I am trying to amalgamate two of my previous posts into one consistent theme. In my post titled May 22 2010(https://dhruvsharma.wordpress.com/2010/05/23/may-22-2010-2/), I had recounted on how I dont notice anything and other stuff.

Let us say that you are reading a book. What does the author want you to see? He wants you to see the environment and the setting. He tells you about the characters, their feelings and then he brings you to the conversation that is happening between the group of people.

Another folly of mine is that whenever I read a book, I concentrate on the conversation. That’s why most of the time I end up reading the book twice or thrice. That is what I am trying to imply. The beauty of individualism that is so inherent even in the smallest of my actions. The fact is that I believe any book, of fiction atleast, is written with the sole aim of narrating a story. In that story, there are characters and their experiences. The fact is that the most important aspect according to me is the piece of conversation that is going on between the two. Whatever other input that the person is trying to give is important but not as important as the piece of conversation .
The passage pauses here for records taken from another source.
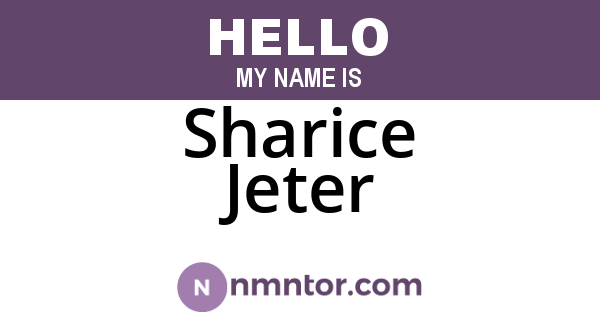 Sharice Jeter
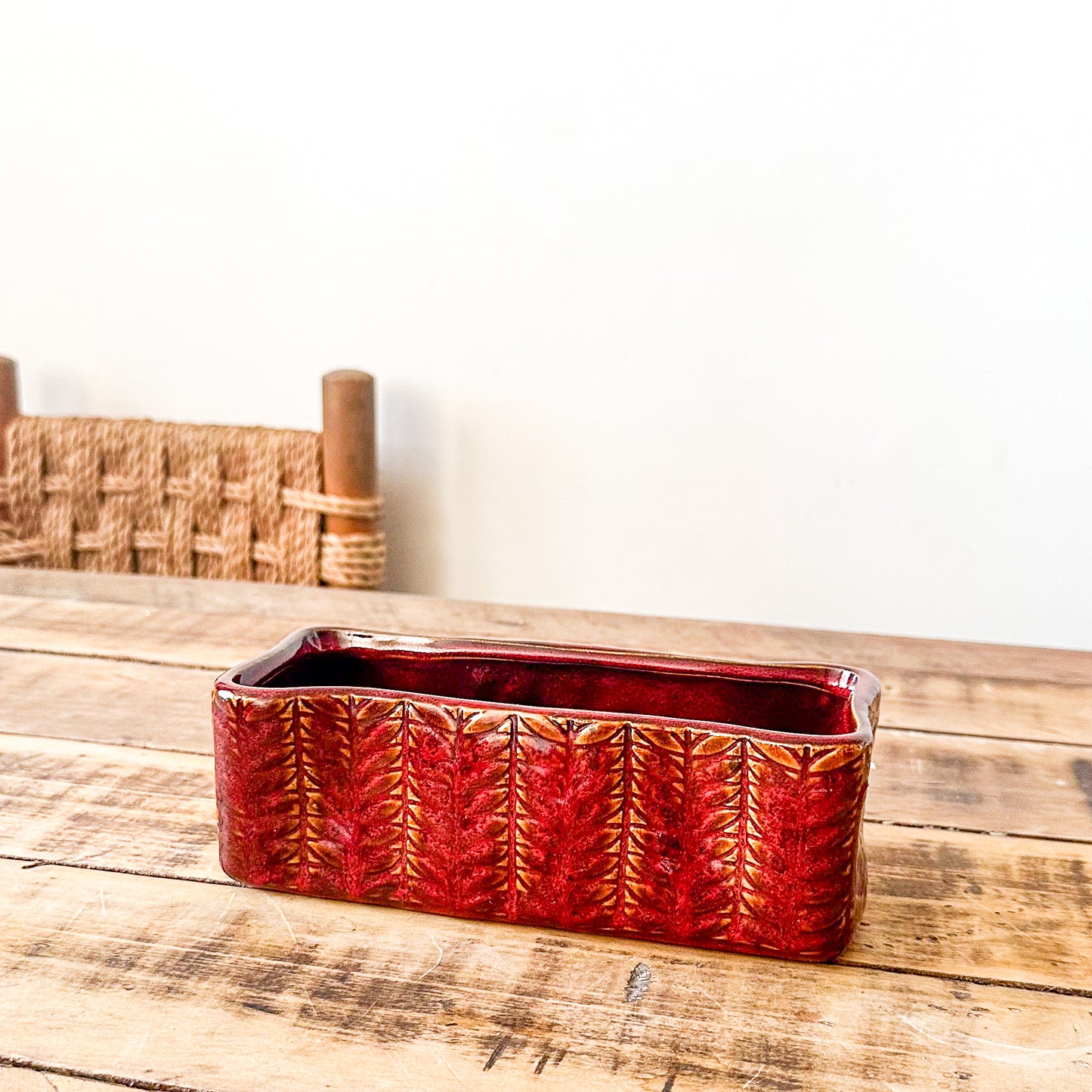 Set 2 Jardineras Cerámica Esmaltada Burdeo Porta Macetero Frank Home Chile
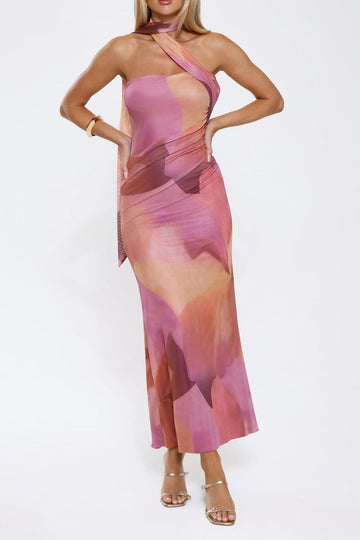 Pixie Drift Halter Mesh Maxi Dress
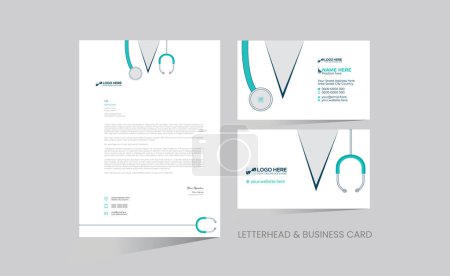 Téléchargez les illustrations : Vector letterhead and business card for any kind of use - en licence libre de droit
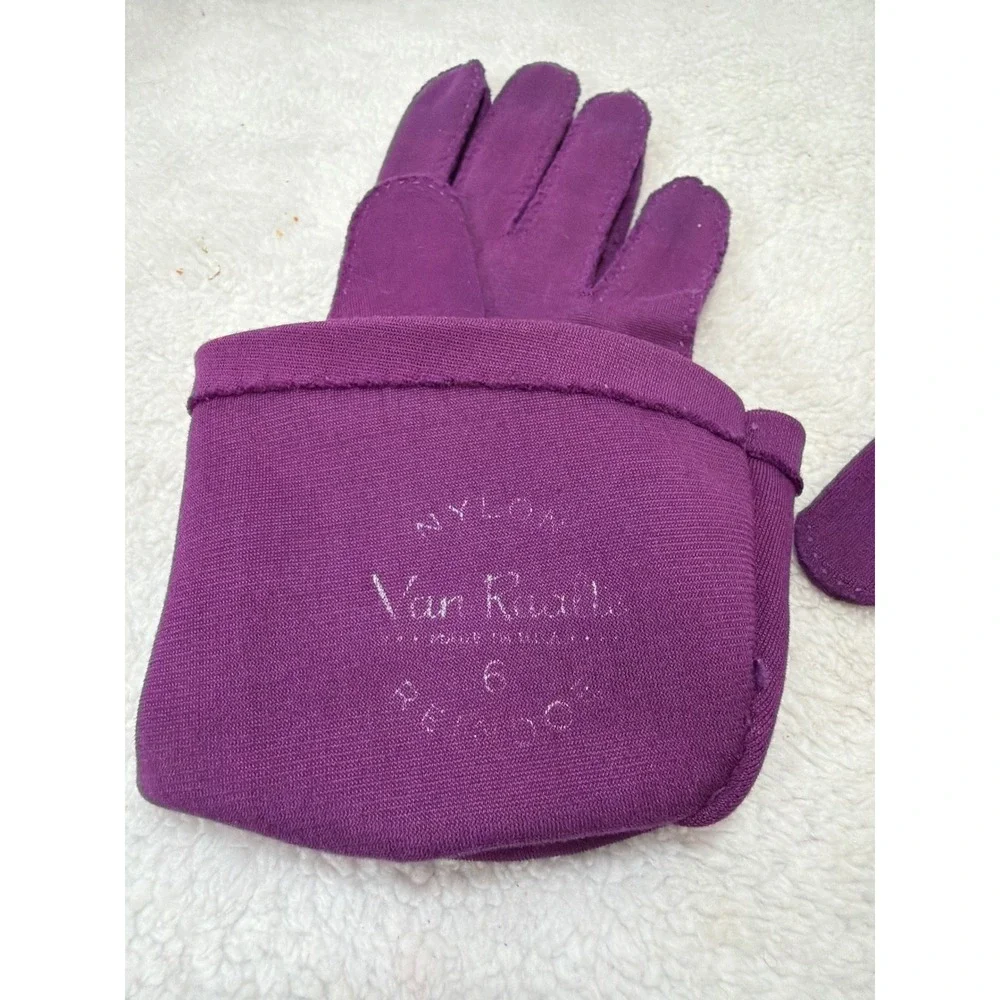 VTG Van Raalte Gauntlet Gloves Womens Size 6 Purple Mid Length Formal Flare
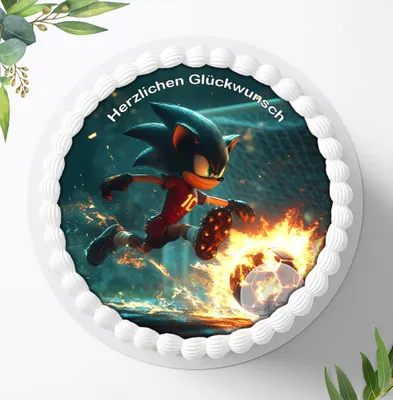 Produktbild von Für die Geburtstags Torte ein Tortenaufleger, Zuckerbild mit dem Motiv: Fußball, Essbares Foto für Torten, Fondant, Ø 20cm, 2208z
In my mind, whenever I recreate a scene or produce something new, the person comes first, then comes what he is trying to do. Only when I have decided on all those variables will I ever go on with the story or the poem or any other thing. To me the centre of the human community is the individual. The individual actions, his decisions and his emotions are what determine his life and his way in the world. The individual should not base his decisions on what the society thinks. He should base it on the simple aspects of what his right and what is wrong by his own accord, his own conscience.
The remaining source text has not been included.